• [About this exercise]: Your answer must be the exact lines from the one with "Retail Outlet Operational" to the end of the data, both included, with no pictures.

• [Information provided]:
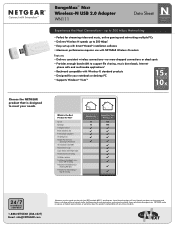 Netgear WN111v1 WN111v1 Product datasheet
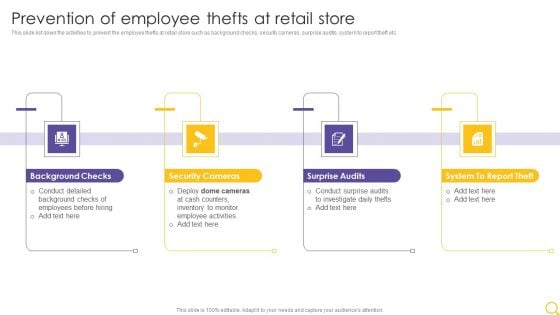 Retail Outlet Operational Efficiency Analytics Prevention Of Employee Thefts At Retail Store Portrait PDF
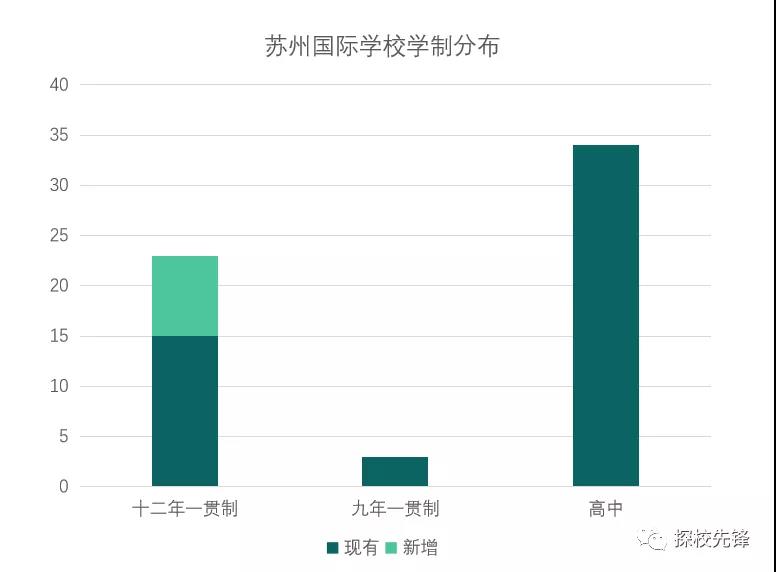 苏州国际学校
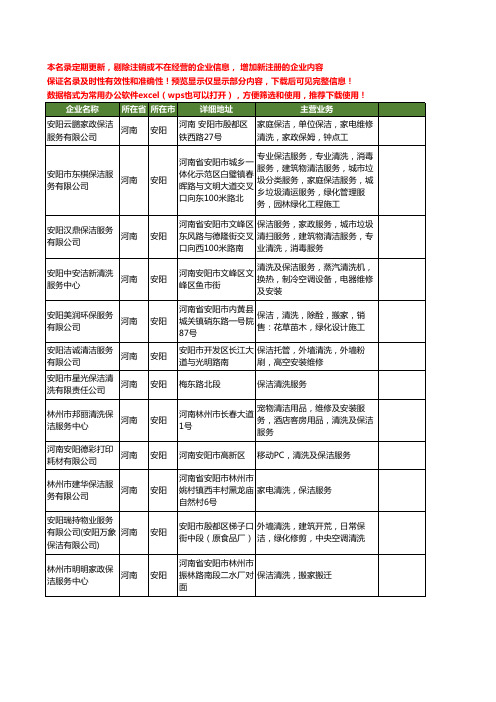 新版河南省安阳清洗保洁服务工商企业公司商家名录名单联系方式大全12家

• [Task response]:
 Retail Outlet Operational Efficiency Analytics Prevention Of Employee Thefts At Retail Store Portrait PDF
 苏州国际学校
 新版河南省安阳清洗保洁服务工商企业公司商家名录名单联系方式大全12家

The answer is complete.